Sunday, November 18, 2012
Don't Be a Jerk!
It is common wisdom that nobody wants to work with a jerk and social networking has made it easier to identify a jerk before you add one to your team.
While a lot of people have their Facebook pages set to private, things are a little different over at LinkedIn where all your activity is public and shared with your business network. I've been noticing that a lot of people on LinkedIn don’t take into account the persistence of their social contributions. I continue to be astonished at the number of people who forget that they are contributing/commenting under their real name, not an anonymous email account that doesn't tie back to their real identity.
I was watching the comments to an article posted by a LinkedIn “Thought Leader” the other day and my jaw dropped several times when people made flat out inappropriate comments under their business account. I suppose that these people are doing the rest of us a favor by clearly outing themselves as not ready for prime time, thus eliminating themselves as job competition. Yet it still seems like they should know better than to join a business network platform and proceed to be a jerk.
Nobody wants to work with a jerk. Nobody wants to hire a jerk. And, after watching what an election did to many people, a lot of people don’t want to be friends with a jerk, either.
One thing that’s really come around to me in the past couple of years is that the Web is a place of business for many of us. It takes very little for someone to tie email addresses together and match them to a real identity. Keeping this thought out in front has really changed the way I communicate, even when I think I’m doing so anonymously. Now, I approach everything as if it might come back to haunt me next week, next month, next year. I make I really want to own anything I put out there and I especially make sure that anything I do on LinkedIn dovetails with the personal brand that I've built there.
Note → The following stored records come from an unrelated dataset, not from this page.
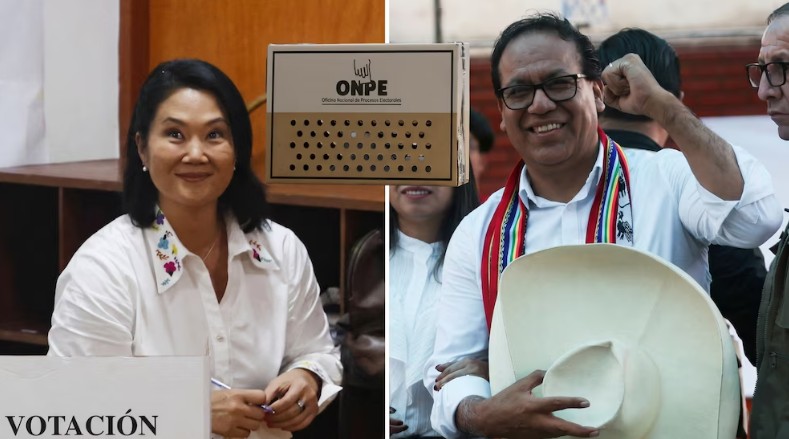 Elecciones en Perú: con más del 80% escrutado, Keiko Fujimori mantiene la ventaja sobre Roberto Sánchez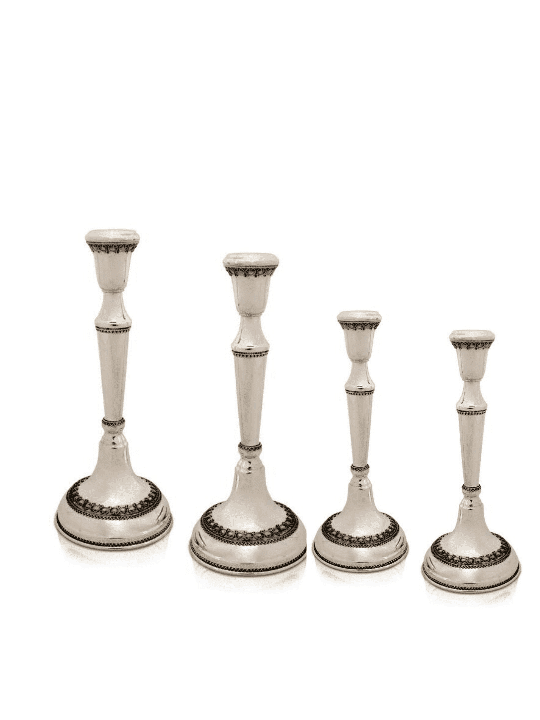 Grands chandeliers en filigrane d'argent sterling 925, canette en argent sterling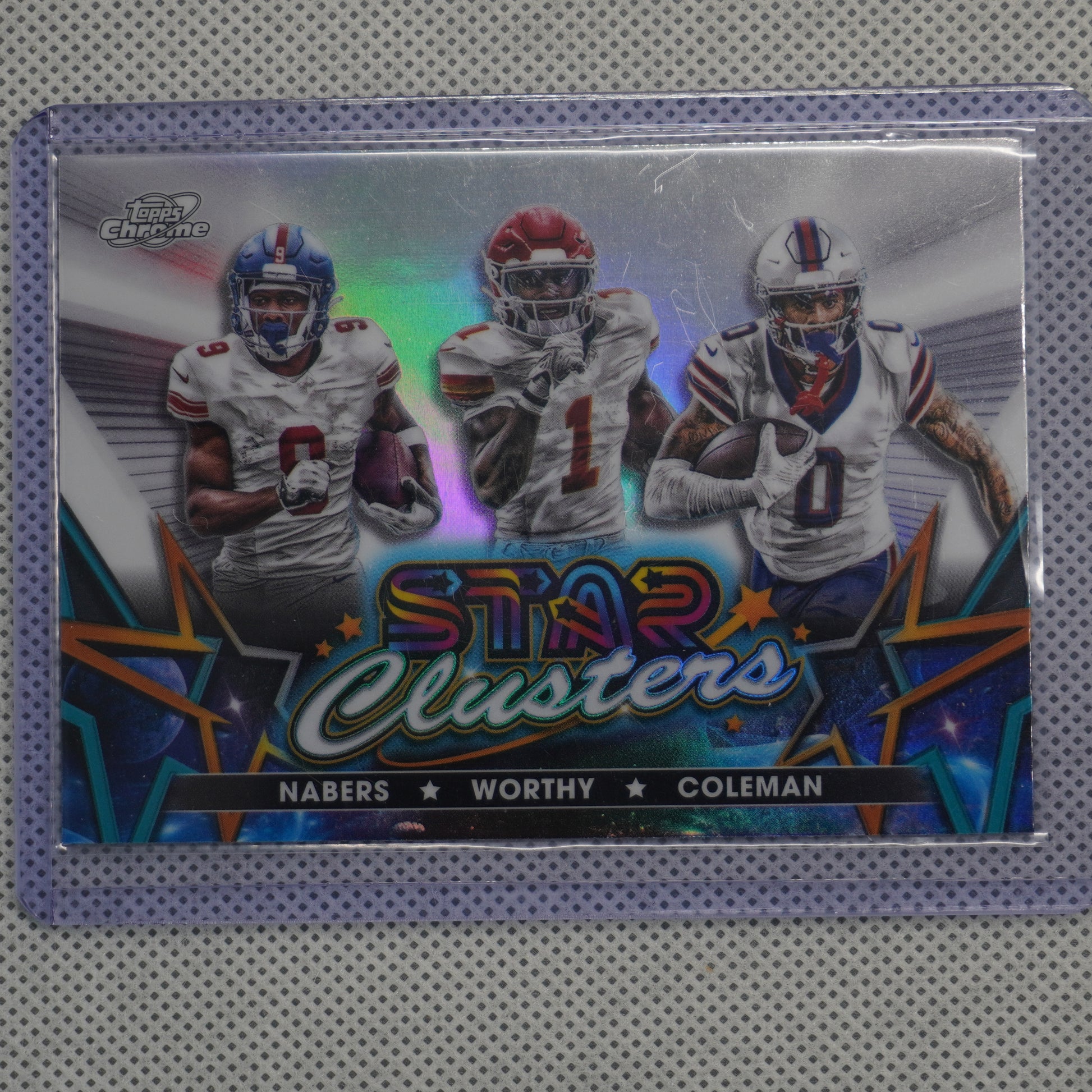 2024 Topps Chrome Cosmic #SCL-6 Keon Coleman / Malik Nabers / Xavier Worthy Star Clusters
Social media is allowing us to see the real person behind the facades most of us erect in our day to day lives - we contribute spontaneously across our social networks and our internal editor goes silent more often. But it is critical that we keep that editor engaged when contributing socially, that old saying should guide appropriateness “the Internet is forever.” Once a comment, picture, or email hits the Internet, you can’t take it back. Control of it is lost to you forever.
That by itself should make anyone think twice before hitting the send/post button.